Mediastores are any source for multimedia data, including hard drives, DVDs, CDs and media devices such as iPods or MP3 players. The MME's mediastore access capabilities include:
- detection of devices, and integration of content from static and dynamic media sources: drives, external players, USB stores, iPods, networks
- media stack and protocol implementations for diverse protocols: iPod Access Protocol, MTP, etc., many with DRM requirements
- management of different media filesystem and stream formats: DOS FAT32, UDF 2.01, etc.
The MME's mediastore content-management capabilities include:
- media metadata extraction and storage — tags, third-party metadata, cover art, etc.

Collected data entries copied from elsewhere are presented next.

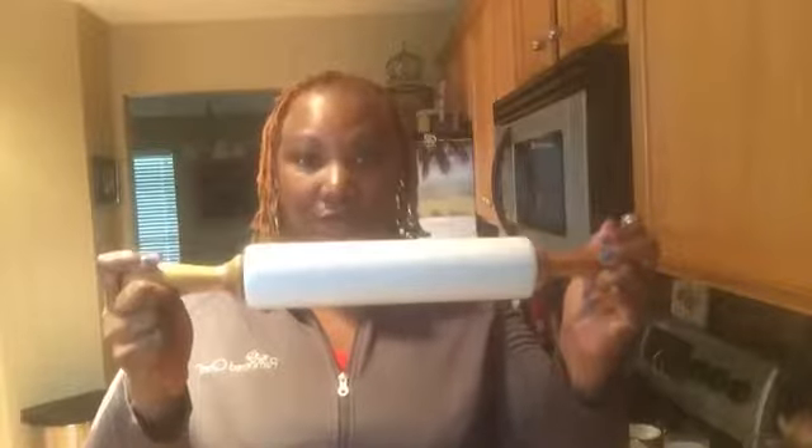Today is August 31st, and tomorrow, September 1st, we're going to have a brand new catalog. One of the new tools we've introduced is a roller — a full-size roller made of stone, so it's a little heavy, but it's matted so it makes it really easy to roll the dough. I'm really excited to use it this morning.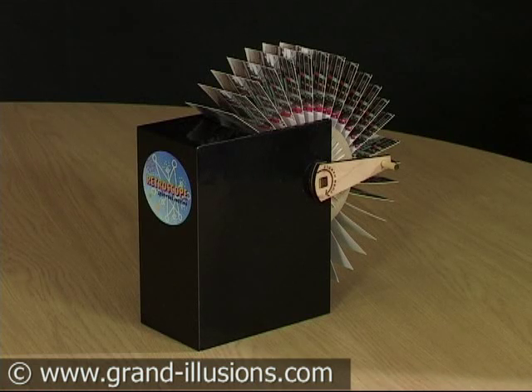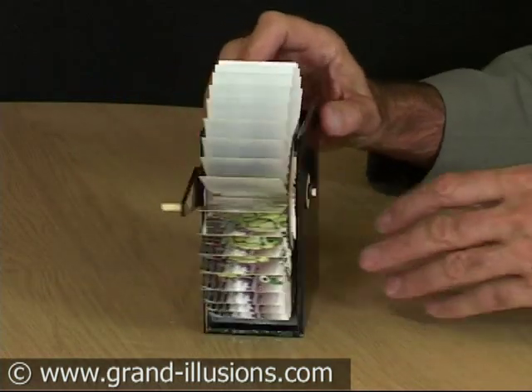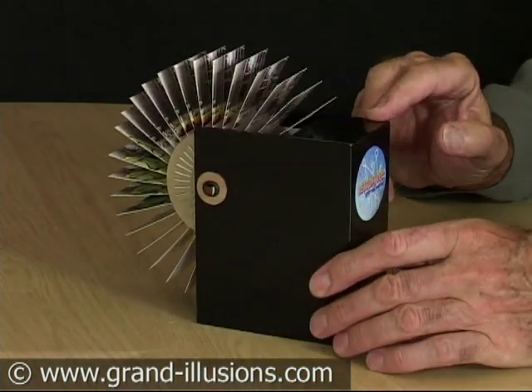Here's our Retroscope — I used to call it a Musoscope. It has 36 cards and a handle which you turn, and it reflects the very earliest cinema days. The Retroscope, which I think works beautifully, is one of the best I've ever seen of this genre.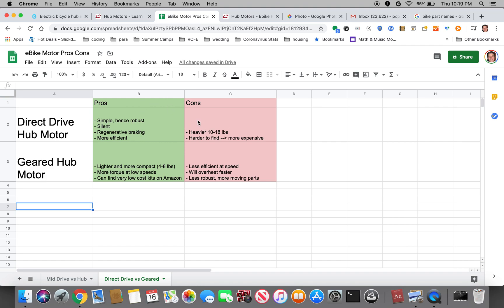As for the cons of direct drive, they are usually about twice as heavy as geared hub motors and much bigger, and also harder to find. A lot of the kits — specifically the Bafang kits on Amazon, which seem to be the most popular — tend to be geared hub motors, which do have their benefits. They tend to be lighter and more compact, so instead of weighing 10 to 18 pounds, they weigh maybe four to eight pounds. They have a lot more torque at low speeds, so you're going to have more acceleration off the line. You might actually even have higher efficiency going up steep hills at a slow pace. And you can find some very low cost kits on Amazon.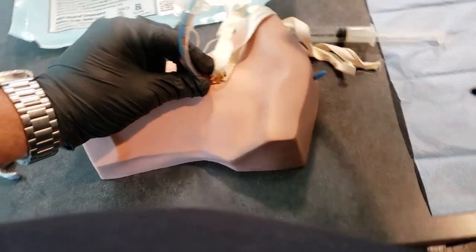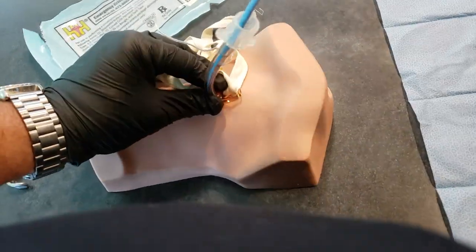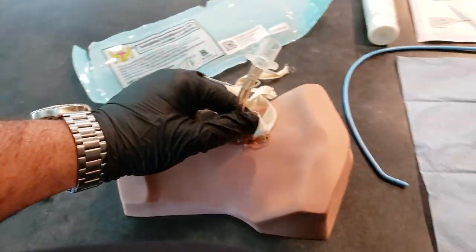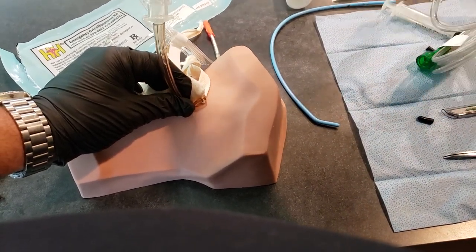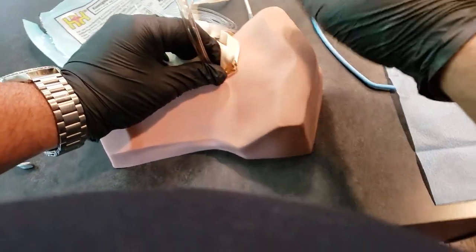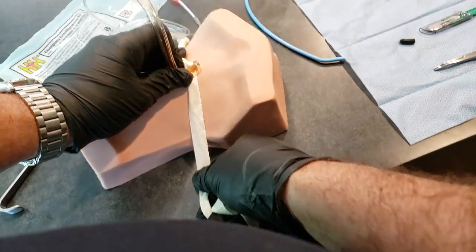You can then remove the bougie and add air to the cuff. You'll use your bag valve mask with end-tidal CO2 on it. Ventilate, listen to lung sounds, and check your end-tidal CO2. Pass off your BVM to a partner and secure the device around the person's neck using the strap.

- media content browsing and searching
- playlist extraction and custom playlist creation
The MME's media playback and recording capabilities include:
- media content recording, copying and ripping
- media stream processing:
- a flexible plugin architecture for filters that decrypt, parse, decode, encode and encrypt media data streams
- a transparent communication mechanism to external codecs for flexible HW/SW partitioning of filter functionality
- media stream rendering and deployment:
- route to output devices (displays, amplifiers, headphones, etc.)
- store registered and encoded media data to storage device (HDD)
The MME API includes a primary interface and a secondary interface. The primary interface (mme) offers the media management functionality required of a multimedia middleware platform, while the secondary interface (qdb) offers the required database functionality. Together the primary and secondary interfaces offer multimedia applications a consistent API that provides:
- media transport, rendering and control — control of playback, and of aspects of media rendering such as volume, brightness, and playback modes (mme)
- notification — receiving information about the status of media, devices and operations; and effecting changes to media library content (mme)
- navigation — browsing media devices that support internal navigation, such as a DVD menu system or an iPod (mme, qdb, or both)
- database capabilities — searching, sorting, organizing, and updating of media information and metadata (qdb)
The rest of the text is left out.